For how he's enjoying liaising with clubs who reach out to him and, so far, has found the GAA community receptive to his thinking:

"I haven't had any negative comments at all, which is a change from the soccer.

"The odd time someone from the other side of 'the pub' [Twitter] would have strayed across and I was told 'You're a virgin, you live in your mother's basement' – bear in mind I was a 40-year-old married man with three kids. I haven't had any of that nonsense yet.

"It's probably very niche – not in Ireland but in Twitter terms, so there won't be many prepared to think about it yet."

Trainor, though, makes a strong case for analysing match data: "There isn't a club team that doesn't do strength & conditioning, because it helps them. So why would you not look at this area? Managers might need to be convinced about the usefulness of this information."

"Why would anybody not want all the information available to them? And then decide what to use and what not to use? I can't fathom why anyone would be so closed as to say 'No, I don't even want to take that on board'.

"Why in any business would any executive not want as much info as possible and then decide what was the right information to choose?"

Keeping within boundaries

Yet he balks at the suggestion he could offer tactical advice: "You need to be careful, that's very dangerous. Coaches coach, managers pick teams.

"Say I thought a club could get a player for £5m and he should cost £20m but the manager hasn't bought in – in an imaginary world I get my way and the owner steps in and buys the player over the manager's head. He's not going to get any minutes because the manager didn't want him in the first place.

"We definitely don't overstep our mark. You can give all the information but if the coach or manager doesn't think it's suited to them then that's the end of it. I'd like to think the best coaches and managers will be open-minded.

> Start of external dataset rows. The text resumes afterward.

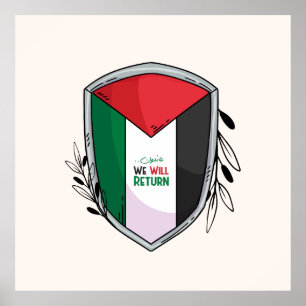 Affiche Branches du drapeau et de l'olivier palestiniens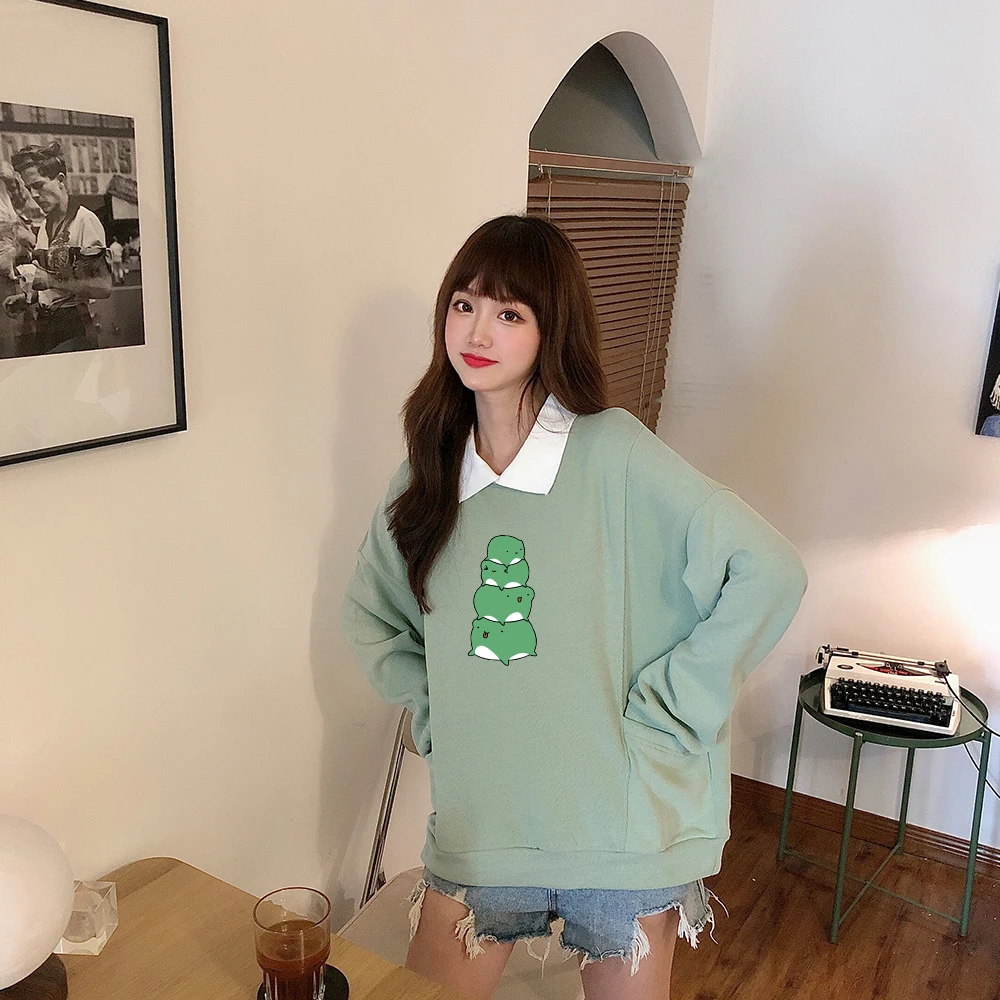 Hoodies Ladies Oversized Streetwear Spring Autumn Graphic Hoodies Cotton Turn-down Collar Sweatshirts Cartoon Women Cute Frog
Hoodies Ladies Oversized Streetwear Spring Autumn Graphic Hoodies Cotton Turn-down Collar Sweatshirts Cartoon Women Cute Frog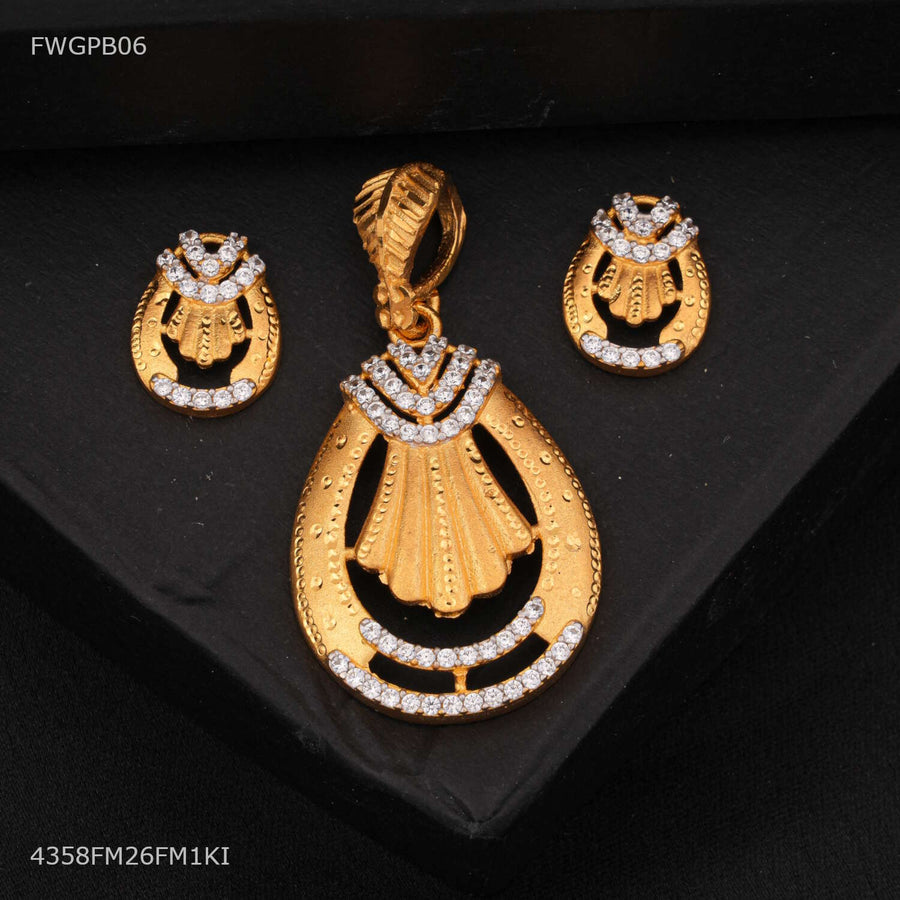 Designer Shini AD Drop cut Pendent with Earing for women - FWGPB06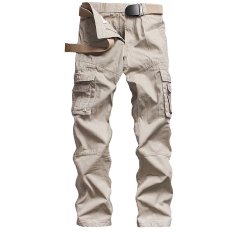 Giá Niêm Yết Xialu Men’s Plus Fertilizer Straight Mid-waisted Long Cargo Pants Beige(Belt not include) – intl   XIALU
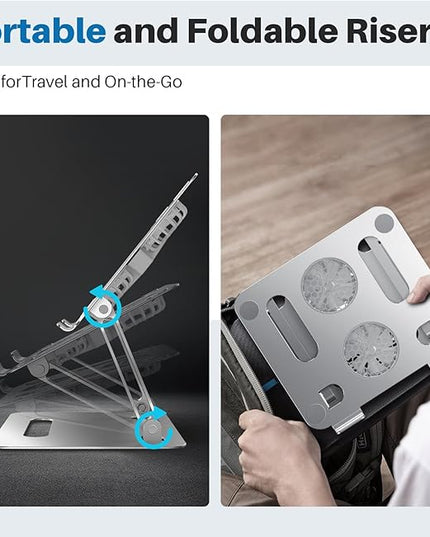 Adjustable Laptop Cooling Stand with 2 Quiet Fans & RGB Lighting, Aluminum Alloy & Foldable Ergonomic Design for MacBook, Lenovo, ASUS, Dell 10-16 Inch, Perfect for Gaming, DJ, Office - Silver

"With Gaelic, I'd be careful – it presents a story of what happened, and I truly believe it can help understand maybe why teams lost games, where they fell out of it, what they were doing wrong. I'd certainly pinpoint an area where the team should be doing better. But you give that to the coach and it's up to him on the Tuesday night to work out what to do.

"They're two very distinct roles – but it's like Liverpool, where Michael Edwards is working really well there now. The culture of the club has changed."

His interest is not financial: "I've a very busy full-time job. It's a hobby, it's down-time, but I want to see if I can make a difference.

"In 40 years' time I'd like to be talking to my grandchildren and, although I didn't appear in any pictures, you'll know you helped a team to win a Championship or achieve more than they should have done by contributing in the background. That would be my reward.”